Characterization of the evolutionary trajectories of the world's rivers and floodplains is crucial for assessment of space–time changes in biogeomorphic processes, the quantification of anthropogenic impacts, and the planning of sustainable management based on conservation and restoration options (Grabowski et al., 2014; Mould and Fryirs, 2018). The analysis of long-term (> 150 year) channel changes provides a holistic understanding of the trajectory of fluvial hydrosystems and their drivers, which helps in defining process-based restoration objectives, rather than determining static reference states (Dufour and Piégay, 2009; Eschbach et al., 2018). It is necessary to extend the timescale of past trajectories to characterize possible shifts in baseline conditions related to climate variability and different degrees of human pressures to help in the assessment of future river changes in the Anthropocene (Pont et al., 2015; Słowik, 2015; Piégay et al., 2020).

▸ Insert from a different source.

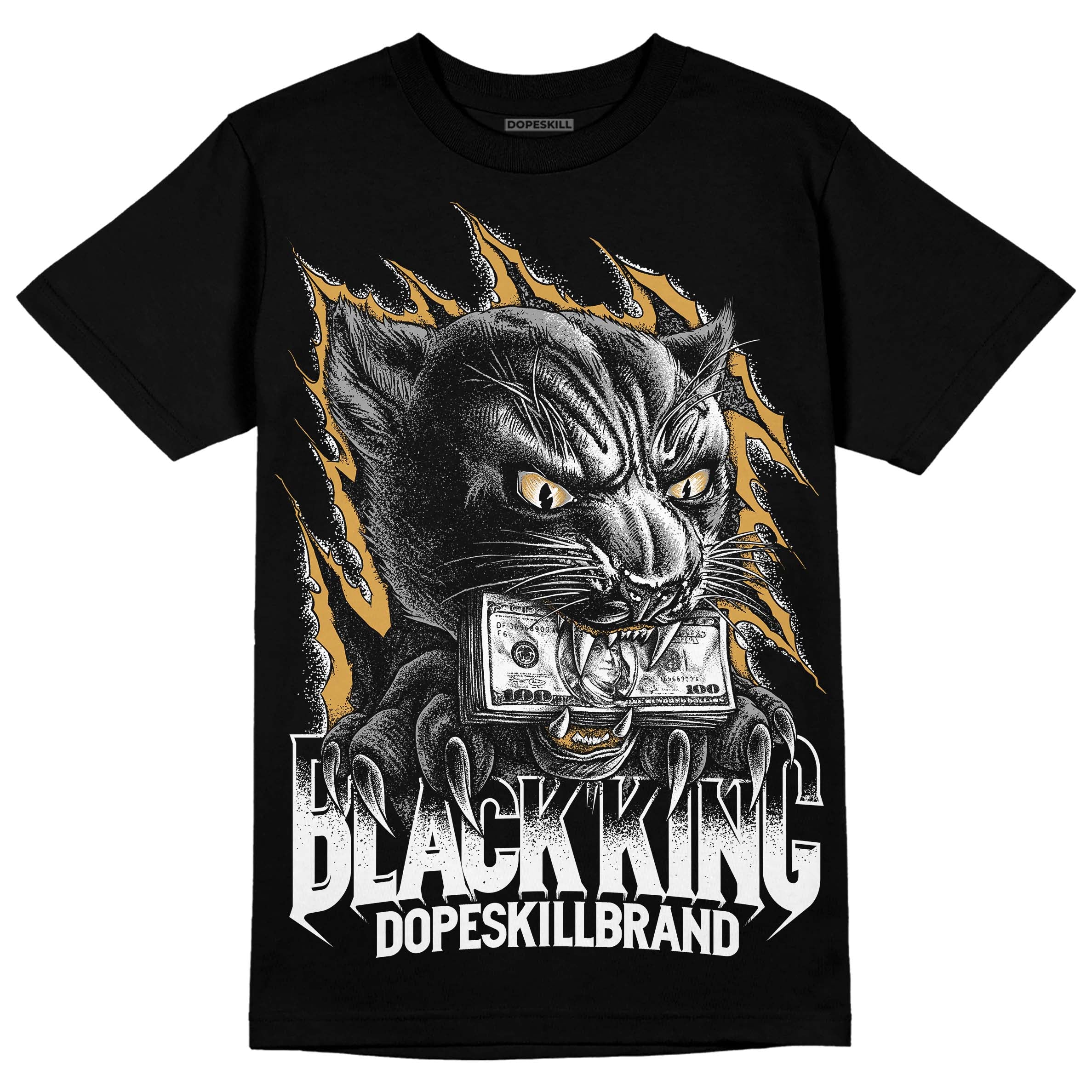 Gratitude 11s superstreetwear T-Shirt Black King Graphic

The reconstruction of river trajectories requires substantial historical datasets. Series of maps, aerial images, topographic, and bathymetric surveys are generally selected at regular time steps, if available, or before and after major events (floods, river engineering phases) to assess changes in the river hydromorphological conditions. This set of archival materials is used to extract channel features such as active channel width, bar-island areas (Hohensinner et al., 2004, 2021; Michalková et al., 2011; Scorpio et al., 2015; Lestel et al., 2018), bed degradation and floodplain aggradation rates (Steiger et al., 2001; Downs et al., 2013; Arnaud et al., 2015), riparian vegetation patterns (Cadol et al., 2011; Belletti et al., 2013; Kui et al., 2017; Safran et al., 2017), and landscape unit characteristics (Dufour et al., 2015; Solins et al., 2018; Piégay et al., 2020). Following Roux et al. (1989) and Habersack and Piégay (2008), comparative analyses of river changes, notably in Europe, have become a critical issue for addressing a series of questions of interest to geographers, historians, engineers, ecologists, geologists, and geochemists. For example, historical maps can help to better contextualize sediment core samples and geophysical surveys when investigating floodplain evolution (Salvador and Berger, 2014) and delta evolution during the Holocene (Vella et al., 2005). Historical cartographic and topo-bathymetric datasets are also of interest to hydrologists analysing flood frequency based on historical geometries (Billy et al., 2018). They are also key resources in historical ecology, allowing the formulation of hypothesis on fish habitat–species relationships since the industrial revolution, especially given the lack of old quantitative data in terms of species number, abundance, and distributions (Carrel, 2002; Frimpong et al., 2016; Belliard et al., 2018).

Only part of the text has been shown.